Jan. 16, 2009— -- The outgoing director of national intelligence told reporters today that he worries Iran eventually will acquire a nuclear weapon, a development he believes would further destabilize the Middle East and perhaps the world.

"I am very concerned that Iran will continue down a path that will result in a nuclear weapon," said National Intelligence Director Mike McConnell, who also discussed reports that Iran had released one of Osama bin Laden's sons from custody.

"If you think about it ... if Iran gets nuclear weapons, what's going to be the response of their neighbors?" he asked.

McConnell said that while the Cold War allowed for a world that created a standoff among the world's nuclear powers, the volatility of the Middle East -- if Iran were to develop a nuclear device -- would present a more complex scenario.

"I don't have any confidence," he said, "[that] the players in that region of the world, as volatile as it is, that you'd have mutual deterrence.
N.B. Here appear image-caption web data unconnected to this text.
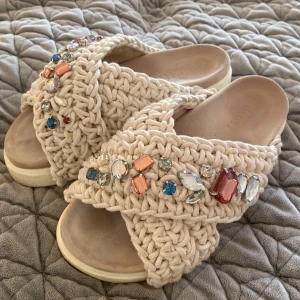 Inuikii tofflor stl 38 - Köpta på plick förra veckan men passade  inte. Fina nypris 2700 säljes 1500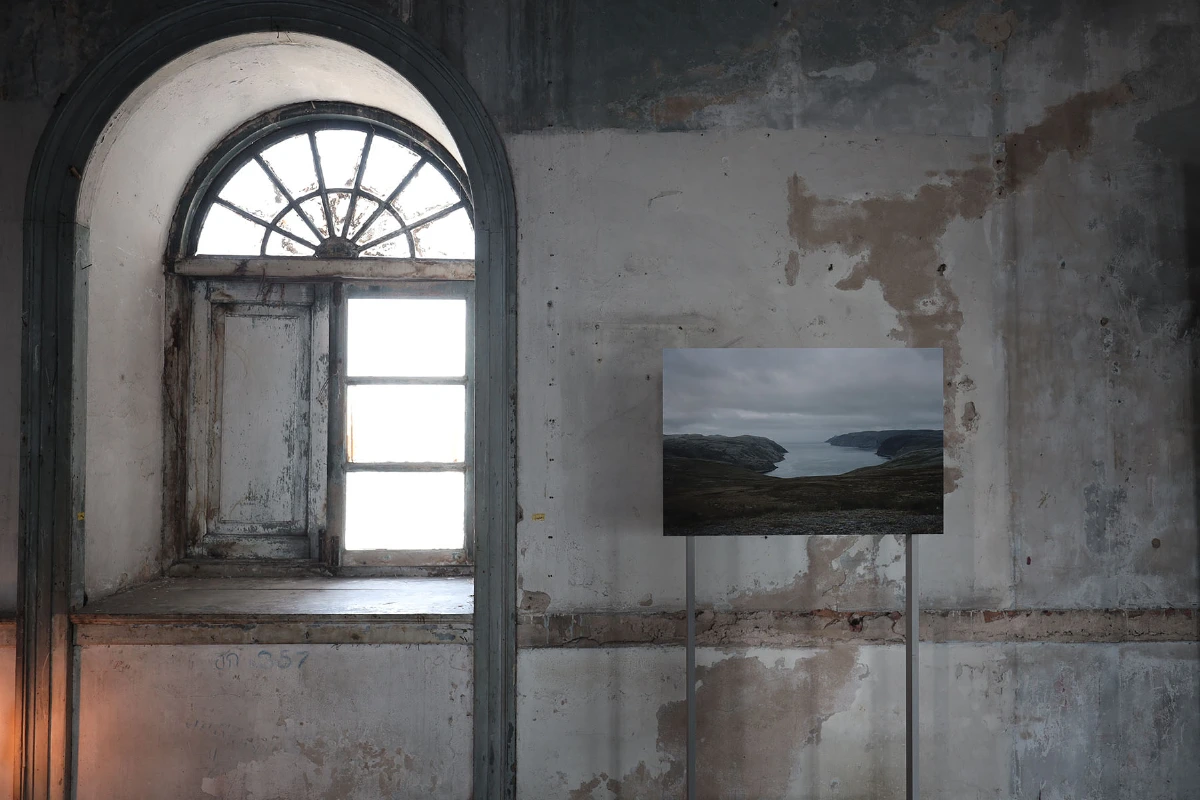 'Hundred Years Between' นิทรรศการภาพถ่ายตามรอยเสด็จฯ ร.5 โดยท่านผู้หญิงสิริกิติยา เจนเซน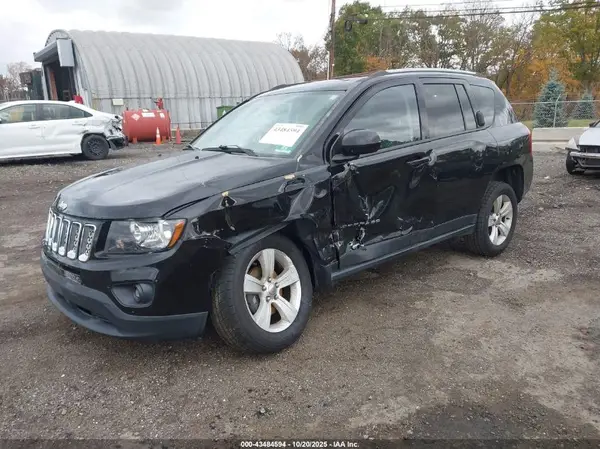 1C4NJDEB3GD745252 2016 JEEP COMPASS - Image 2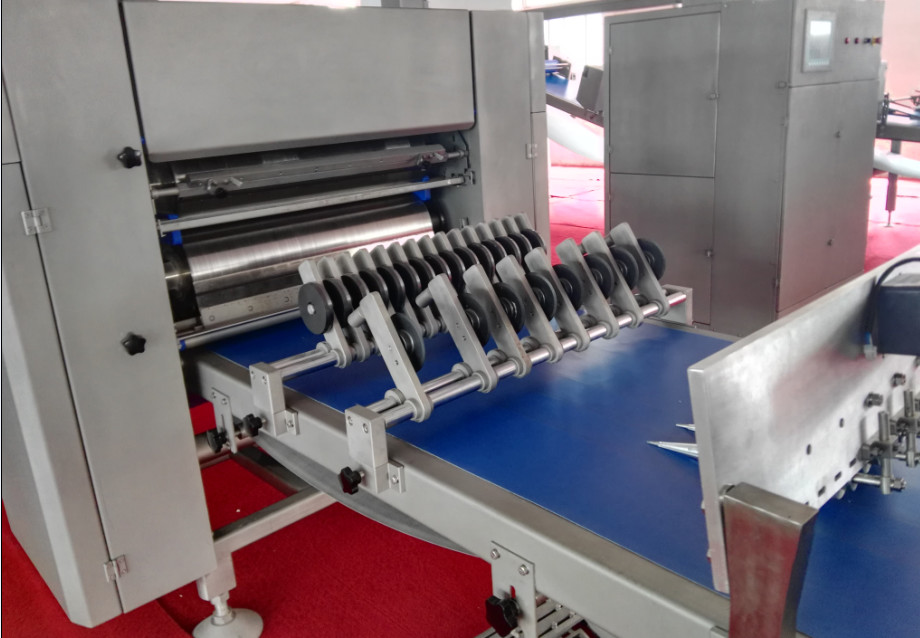High Capacity Pastry Equipment , Industrial Bakery Lines For Twisted Cinnamon Swirls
"Their behavior says they are continuing to get fissile material, continuing to build these long-range missiles," McConnell added. "If they get them, that's my biggest worry."

Where Is Sa'ad bin Laden?

McConnell also addressed reports today that Iran has released Sa'ad bin Laden, Osama bin Laden's son, from house arrest.

A U.S. counterterrorism official told ABC News that Sa'ad bin Laden's possible departure from Iran was unclear, but McConnell told reporters that "he is probably in Pakistan, but he has left Iran."

On Friday, the Treasury Department announced financial sanctions on three al Qaeda associates believed to be in Iran, and also announced sanctions against Sa'ad bin Laden.

While not a major figure in the ranks of al Qaeda, it is believed by U.S. intelligence that bin Laden's son had facilitated travel of bin Laden family members to Iran in late 2001 and that he had managed some al Qaeda operations from 2001 to 2003.

Bin Laden's son and former al Qaeda operations manager Saif al Adel, an Egyptian, were detained by Iranian authorities in 2003 and were believed to be living under house arrest.

A senior al Qaeda associate, Mustafa Hamid, was part of the Treasury sanctions announced Friday. Hamid is Adel's father-in-law and had arranged for many al Qaeda members and their families to reside in Iran in late 2001.

Iran's Revolutionary Guard Corps had sheltered Hamid and other al Qaeda associates before they were detained by the government of Iran.

The release of bin Laden's son follows reports from ABC News' Jonathan Karl in 2008 that there had been secret contacts between Iran's government and al Qaeda's leadership.

Stuart Levey, the Treasury Department's undersecretary for terrorism and financial intelligence, said in a statement Friday: "It is important that Iran give a public accounting of how it is meeting its international obligations to constrain al Qaeda."

How the incoming Obama administration will deal with Iran has been a matter of high interest during the campaign and in recent months.

McConnell said he currently briefs the outgoing president six days a week, and added that Obama was going to receive an intelligence briefing seven days a week at the beginning of his term.

McConnell will remain as an adviser to Obama on the president's Foreign Intelligence Advisory Board, but will be replaced by Adm. Dennis Blair pending Senate confirmation.